Sundiata Keita - o lendário "Rei Leão" que governou o Império do Mali


Não se sabe bem o motivo deste epíteto. Talvez se deva ao facto de ter lutado com denodo pela fundação do seu império. Sundiata nascera com um defeito físico que o impedia de andar, mas superou-o e os actos de bravura que levou a cabo são passados de geração em geração.

Permaneceu no poder quase 20 vinte anos. Os seus feitos são cantados pelos griots, contadores de histórias tradicionais da África Ocidental.
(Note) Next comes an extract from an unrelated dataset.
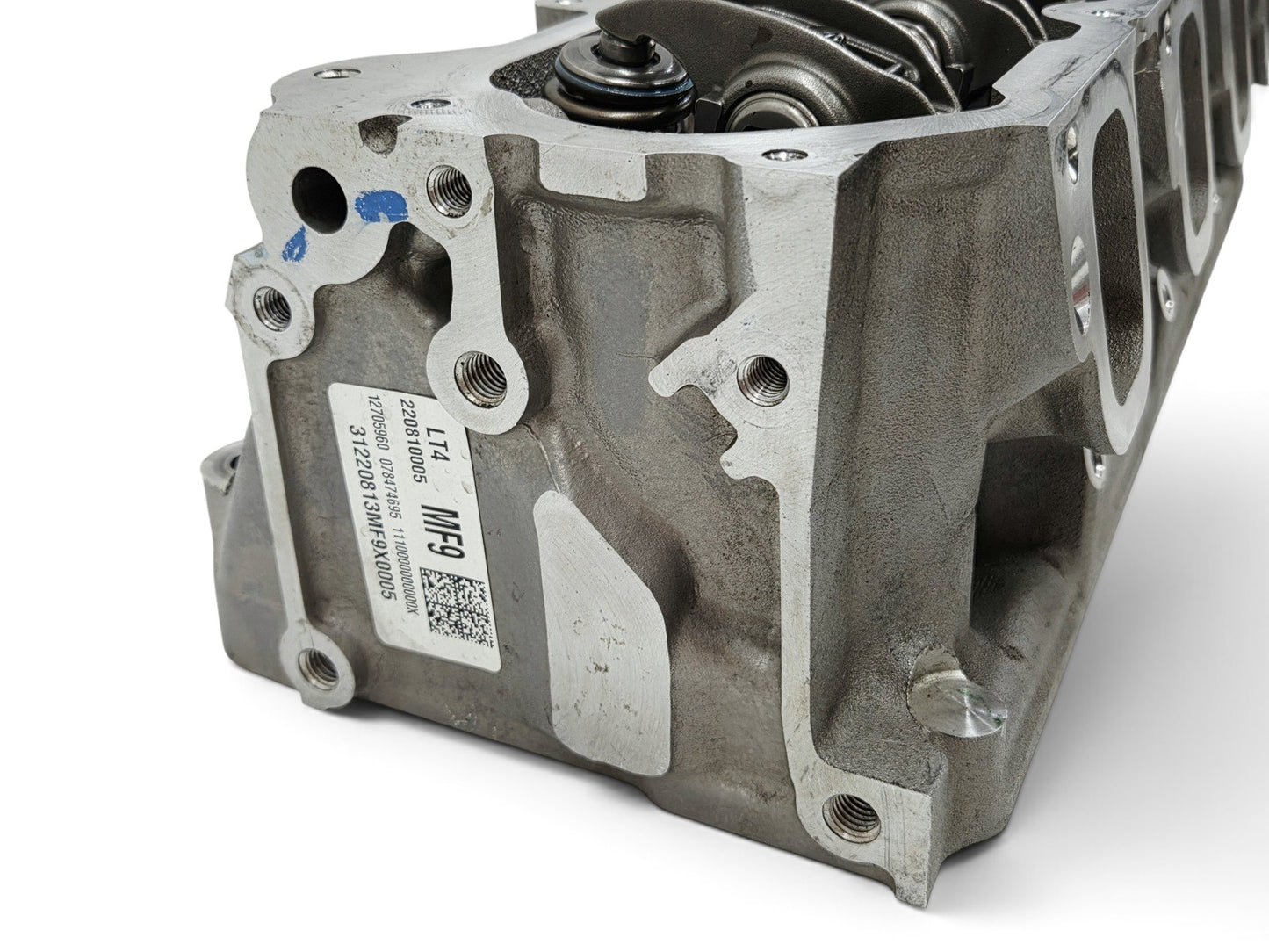 Send it Auto Parts OEM GM LT4 6.2L cylinder head with injector holes and lash caps for Corvette and Camaro engines.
Tornou-se um grande caçador, um destemido guerreiro e estratega militar hábil que tudo fez para que os reinos que pertenciam ao povo Mandingo - também conhecido como Mandinka ou Malinke - se unificassem.

Um aspecto interessante sobre a ascensão de Sundiata e a fundação do Império Mali é a chamada "Carta de Manden" ou "Kouroukan Fouga". Trata-se de uma carta oral, transmitida durante gerações pelo povo Malinke, que falava sobre a abolição da escravidão, a paz dentro de uma nação diversificada, segurança alimentar e educação, entre outros pontos.



Carta de Manden, foi inscrita na Lista representativa do Património Cultural Imaterial da Humanidade da Unesco em 2009.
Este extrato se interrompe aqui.